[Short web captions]
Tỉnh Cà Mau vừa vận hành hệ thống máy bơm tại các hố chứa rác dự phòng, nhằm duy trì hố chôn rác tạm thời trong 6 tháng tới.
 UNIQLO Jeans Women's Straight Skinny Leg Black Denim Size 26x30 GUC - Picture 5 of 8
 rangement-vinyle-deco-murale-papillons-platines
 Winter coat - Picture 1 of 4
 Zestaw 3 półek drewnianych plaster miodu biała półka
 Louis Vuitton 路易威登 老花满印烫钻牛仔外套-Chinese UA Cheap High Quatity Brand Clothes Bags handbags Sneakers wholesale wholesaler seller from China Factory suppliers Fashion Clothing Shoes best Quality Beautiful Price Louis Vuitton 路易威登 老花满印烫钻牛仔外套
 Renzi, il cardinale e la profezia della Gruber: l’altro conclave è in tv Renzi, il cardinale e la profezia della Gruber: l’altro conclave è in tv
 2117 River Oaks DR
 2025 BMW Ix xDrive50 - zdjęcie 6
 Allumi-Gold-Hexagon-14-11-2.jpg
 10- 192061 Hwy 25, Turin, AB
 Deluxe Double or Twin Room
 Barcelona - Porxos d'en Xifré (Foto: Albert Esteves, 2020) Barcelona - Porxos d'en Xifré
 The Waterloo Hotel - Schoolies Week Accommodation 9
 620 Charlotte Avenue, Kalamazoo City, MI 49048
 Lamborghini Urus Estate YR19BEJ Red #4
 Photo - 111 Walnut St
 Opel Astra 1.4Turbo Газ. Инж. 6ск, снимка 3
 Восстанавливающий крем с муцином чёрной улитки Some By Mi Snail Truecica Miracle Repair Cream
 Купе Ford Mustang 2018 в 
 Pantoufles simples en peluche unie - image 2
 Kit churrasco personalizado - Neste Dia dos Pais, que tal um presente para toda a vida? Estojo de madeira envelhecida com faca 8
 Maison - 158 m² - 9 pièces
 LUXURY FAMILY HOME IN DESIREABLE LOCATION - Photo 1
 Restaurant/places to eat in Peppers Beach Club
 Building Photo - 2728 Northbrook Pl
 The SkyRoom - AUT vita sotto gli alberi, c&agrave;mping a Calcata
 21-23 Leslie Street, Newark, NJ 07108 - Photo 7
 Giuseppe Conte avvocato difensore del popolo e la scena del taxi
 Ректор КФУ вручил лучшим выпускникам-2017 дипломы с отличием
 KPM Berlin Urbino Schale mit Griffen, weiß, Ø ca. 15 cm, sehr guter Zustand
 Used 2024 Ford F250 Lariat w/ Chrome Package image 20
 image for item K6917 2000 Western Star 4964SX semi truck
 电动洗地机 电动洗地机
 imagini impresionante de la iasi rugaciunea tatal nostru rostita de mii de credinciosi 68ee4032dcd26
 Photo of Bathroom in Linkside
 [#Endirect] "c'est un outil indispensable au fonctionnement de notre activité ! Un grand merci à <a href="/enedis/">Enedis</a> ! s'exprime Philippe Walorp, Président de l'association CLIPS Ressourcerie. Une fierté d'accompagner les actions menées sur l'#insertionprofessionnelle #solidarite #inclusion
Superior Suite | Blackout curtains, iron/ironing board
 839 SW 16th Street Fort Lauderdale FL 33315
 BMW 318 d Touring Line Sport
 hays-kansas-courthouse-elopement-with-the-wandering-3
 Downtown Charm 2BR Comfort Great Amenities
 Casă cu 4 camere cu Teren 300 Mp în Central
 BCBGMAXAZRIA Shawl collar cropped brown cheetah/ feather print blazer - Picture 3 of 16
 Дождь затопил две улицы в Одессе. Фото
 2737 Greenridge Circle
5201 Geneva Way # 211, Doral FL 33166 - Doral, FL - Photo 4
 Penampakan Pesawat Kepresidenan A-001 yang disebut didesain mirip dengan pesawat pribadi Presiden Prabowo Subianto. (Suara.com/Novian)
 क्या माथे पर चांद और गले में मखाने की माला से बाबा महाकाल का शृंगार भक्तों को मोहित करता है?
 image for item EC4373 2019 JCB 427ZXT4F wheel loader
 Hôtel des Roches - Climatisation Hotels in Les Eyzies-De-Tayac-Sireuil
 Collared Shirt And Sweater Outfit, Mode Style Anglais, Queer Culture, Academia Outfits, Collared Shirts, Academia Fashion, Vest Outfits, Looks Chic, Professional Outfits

DESCRIPTION OF THE TASK — The line with "Hôtel des Roches" and all lines after it through the end of the data above: write these out exactly and add nothing.

REPLY TO THE TASK —
 Hôtel des Roches - Climatisation Hotels in Les Eyzies-De-Tayac-Sireuil
 Collared Shirt And Sweater Outfit, Mode Style Anglais, Queer Culture, Academia Outfits, Collared Shirts, Academia Fashion, Vest Outfits, Looks Chic, Professional Outfits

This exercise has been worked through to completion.